Au terme du récit sont apposées les deux dates qui circonscrivent le laps de temps durant lequel il s’est écrit : 1964-2015, un demi-siècle durant lequel le manuscrit est principalement demeuré rangé dans un vieux bureau — « un meuble de bois pauvre et de forme simple » fabriqué de ses mains par le grand-père maternel de l’auteur —, à l’état d’ébauche, d’« idée de récit », écrit Yves Bonnefoy. En fait, une centaine de vers, des « phrases chargées d’allusions obscures et d’apparences de souvenirs », posées par l’écrivain sur la page blanche en quelques jours de 1964, puis plus rien. Rien qu’un tas de feuilles titrées déjà L’Echarpe rouge et rangées dans un classeur. « Un texte qui existait comme tel, jusqu’en sa moindre virgule, et auquel je n’avais pas plus le droit de toucher que s’il était l’oeuvre de quelqu’un d’autre. Un texte, la production de je ne savais qui en moi », qu’il fallut finalement à Bonnefoy cinq décennies pour reprendre, décanter, dénouer et prolonger en ce livre inclas­sable, émouvant, parfois difficile, où s’entrelacent autobiographie et réflexion sur le geste poétique.

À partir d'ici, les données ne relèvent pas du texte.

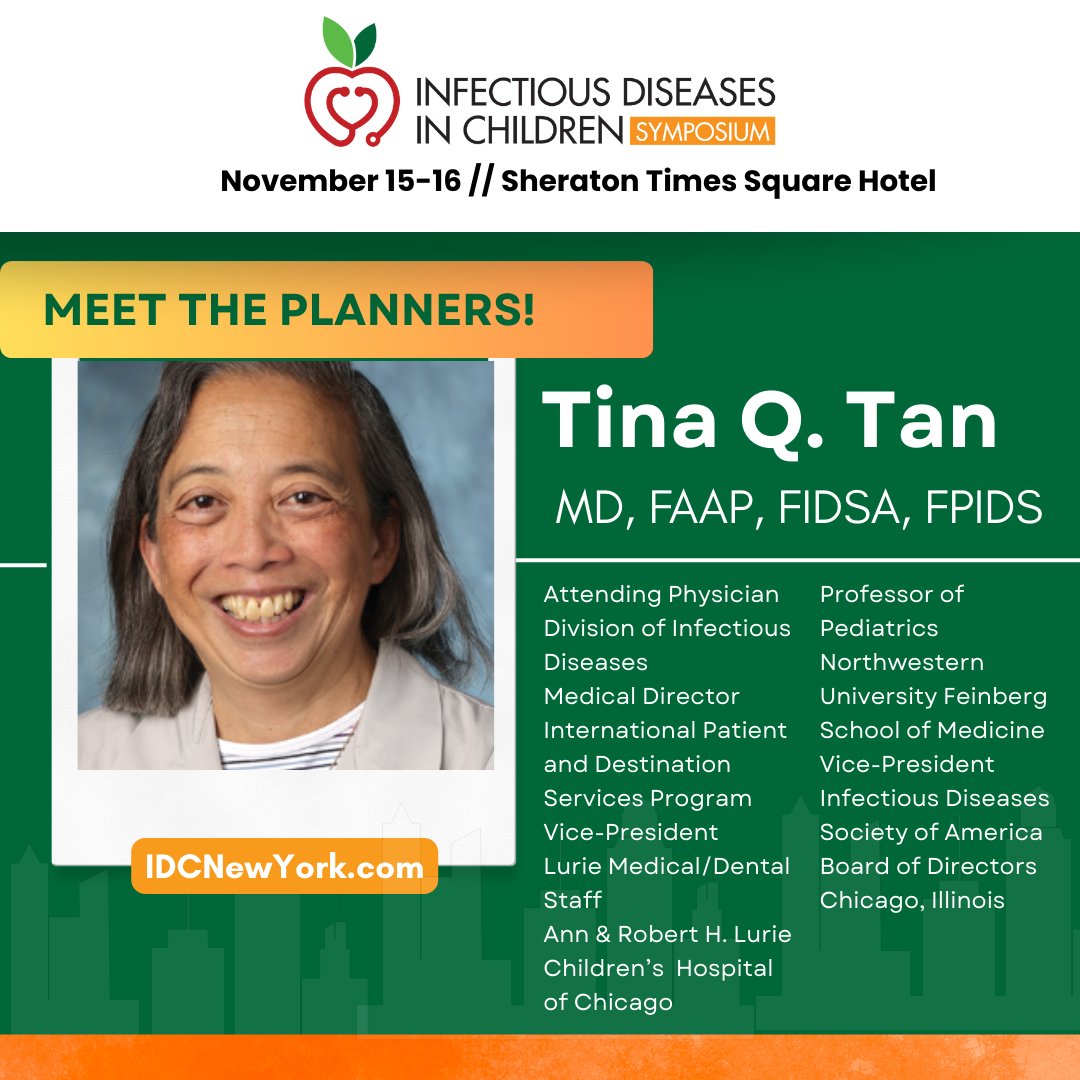 Meet Dr. Tina Tan! One of the brilliant minds helping shape the Infectious Diseases in Children Symposium. Get ready for an unforgettable meeting! IDCnewyork.com #infectiousdisease #pediatrics #pedsnurse #physician #nurse #nursepractitioner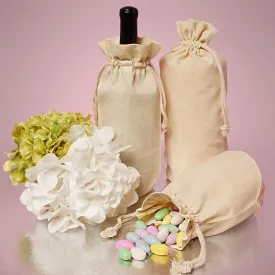 12 ct Single Bottle Natural Cotton Muslin Wine Bags with Drawstrings Closure - By Dozen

Constituant le premier chapitre, les vers originels ont l’étrangeté des rêves : il y est question d’un voyage, d’une rencontre entre deux hommes, d’un hôtel à Toulouse, d’un village occitan, d’une vieille maison aux murs peints à la chaux, d’une enveloppe, d’une jeune fille, d’autres motifs encore, nimbés de cette aura symbolique dont la psychanalyse raffole. Entreprenant de réfléchir à l’« idée de récit » que constituent ces fragments poétiques, Yves Bonnefoy, né en 1923, ne refuse d’ailleurs pas l’appui de l’interprétation psychanalytique, mais sa méditation le conduit à s’écarter bientôt de cette grille de lecture pour lui substituer une exégèse littéraire et poétique. Un travail qui prend appui sur la mémoire — tant il est vrai qu’« il n’y a de réalité humaine que dans et par la mémoire, pour autant que celle-ci se dégage des fantasmes qui la déforment ». Voici donc que ressurgissent des décors, des figures venues de l’enfance. Au premier rang parmi ces dernières, les parents d’Yves Bonnefoy, Elie et Hélène — Elie déjà si intensément présent dans Les Planches courbes (2001) —, que l’écrivain identifie peu à peu dans les vers initiaux de cette Echarpe rouge.

Les très beaux portraits qu’il brosse de ses père et mère entraînent Bonnefoy dans un processus qui relève de l’archéologie. Il creuse, creuse encore, et c’est le rapport au monde et au langage qui constitue le prisme à travers lequel il ausculte ce qu’il met au jour : les sources du silence et de la solitude d’Elie — et Bonnefoy de confier la « compassion poétique » que lui inspire cet homme « privé des mots qui lui permettaient d’être au monde » —, l’origine de l’exil et des rêves d’Hélène, cette mère de qui il apprit néanmoins « les grands pouvoirs de quelques mots simples ». Il est question de filiation, de legs, dans ce récit méditatif parsemé d’anfractuosités, au fil duquel, peu à peu, Yves Bonnefoy s’attache à localiser la naissance de sa conviction poétique. Peut-être dans « cet être au mon­de du jeune enfant pour lequel tout est immédiateté et silence ». A la question : « Qu’est-ce que la poésie ? », l’écrivain répondit un jour : « Elle est la mémoire, préservée par certains, de l’excès de la réalité sur le signe, autrement dit l’intuition d’une unité qui demeure en tout et partout présente sous les réseaux serrés de la signifiance conceptuelle. La poésie atteste de cette unité, ce qui recentre la pensée de chacun sur l’existence en sa finitude — cette émergence de l’Un en nous — et donc aussi sur le vrai désir et la pleine présence en face de nous des autres êtres, voire des choses » (1)— Nathalie Crom

 

(1) L’Inachevable (2010), repris dans l’anthologie Habiter poétiquement le monde, éd. Poesis (2016).

 

Ed. Mercure de France, 250 p., 19 €.